Полет прошел без происшествий. Плаща я так и не снял. В кармане лежал пистолет, и я старался вспомнить, сколько раз я выстрелил и сколько пуль осталось в обойме. Потом решил, что все это и не важно, потому что более стрелять мне не придется, во всяком случае, в ближайшее время. Оставалось только смотреть в спинку кресла перед собой, а когда это надоедало, переводить взгляд на стройные ноги стюардесс.

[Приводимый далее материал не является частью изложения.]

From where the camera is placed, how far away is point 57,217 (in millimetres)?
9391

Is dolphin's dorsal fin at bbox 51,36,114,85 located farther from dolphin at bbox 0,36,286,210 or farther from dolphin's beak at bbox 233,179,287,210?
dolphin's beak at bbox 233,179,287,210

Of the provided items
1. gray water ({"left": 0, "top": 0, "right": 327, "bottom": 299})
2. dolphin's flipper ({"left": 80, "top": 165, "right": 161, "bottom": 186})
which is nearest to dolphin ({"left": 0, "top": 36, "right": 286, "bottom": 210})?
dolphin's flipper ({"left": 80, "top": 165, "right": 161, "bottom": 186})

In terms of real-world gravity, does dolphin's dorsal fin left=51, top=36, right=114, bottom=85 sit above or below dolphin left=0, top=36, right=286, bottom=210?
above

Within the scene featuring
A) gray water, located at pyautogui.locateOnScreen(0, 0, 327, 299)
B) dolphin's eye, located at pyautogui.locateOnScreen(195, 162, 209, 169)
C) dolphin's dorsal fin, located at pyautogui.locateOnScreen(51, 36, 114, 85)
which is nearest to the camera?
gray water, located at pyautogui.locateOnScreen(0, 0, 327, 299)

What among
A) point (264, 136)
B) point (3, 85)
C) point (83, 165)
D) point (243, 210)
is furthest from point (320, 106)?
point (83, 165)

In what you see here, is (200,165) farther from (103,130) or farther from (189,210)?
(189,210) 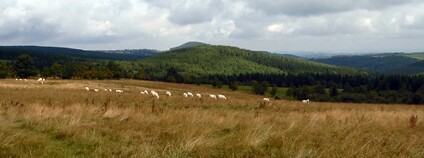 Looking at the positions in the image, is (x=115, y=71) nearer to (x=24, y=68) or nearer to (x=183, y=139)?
(x=24, y=68)

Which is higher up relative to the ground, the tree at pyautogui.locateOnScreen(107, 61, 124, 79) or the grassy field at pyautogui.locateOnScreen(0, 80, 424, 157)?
the grassy field at pyautogui.locateOnScreen(0, 80, 424, 157)

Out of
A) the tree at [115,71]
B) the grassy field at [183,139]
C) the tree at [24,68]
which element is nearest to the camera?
the grassy field at [183,139]

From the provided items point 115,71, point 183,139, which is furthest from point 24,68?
point 183,139

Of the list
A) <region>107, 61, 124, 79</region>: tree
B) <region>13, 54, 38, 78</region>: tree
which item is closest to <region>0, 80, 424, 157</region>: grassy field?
<region>13, 54, 38, 78</region>: tree

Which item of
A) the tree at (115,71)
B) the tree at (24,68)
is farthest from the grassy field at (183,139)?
the tree at (115,71)

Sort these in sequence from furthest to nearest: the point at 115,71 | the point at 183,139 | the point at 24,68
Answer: the point at 115,71 < the point at 24,68 < the point at 183,139

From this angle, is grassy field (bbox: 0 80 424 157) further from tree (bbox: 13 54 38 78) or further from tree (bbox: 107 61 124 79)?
tree (bbox: 107 61 124 79)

Во Франкфурте мы приземлились в 17.52 и вышли из самолета вместе с остальными пассажирами. Всех их ждала теплая встреча. Кому-то пожимали руку, других обнимали и хлопали по спине, нам же чуть кивнул негр, как две капли воды похожий на нашего водителя, который привез нас в Темпельхоф полтора часа назад, а потом учинил драку перед стойкой «Пан-Ам».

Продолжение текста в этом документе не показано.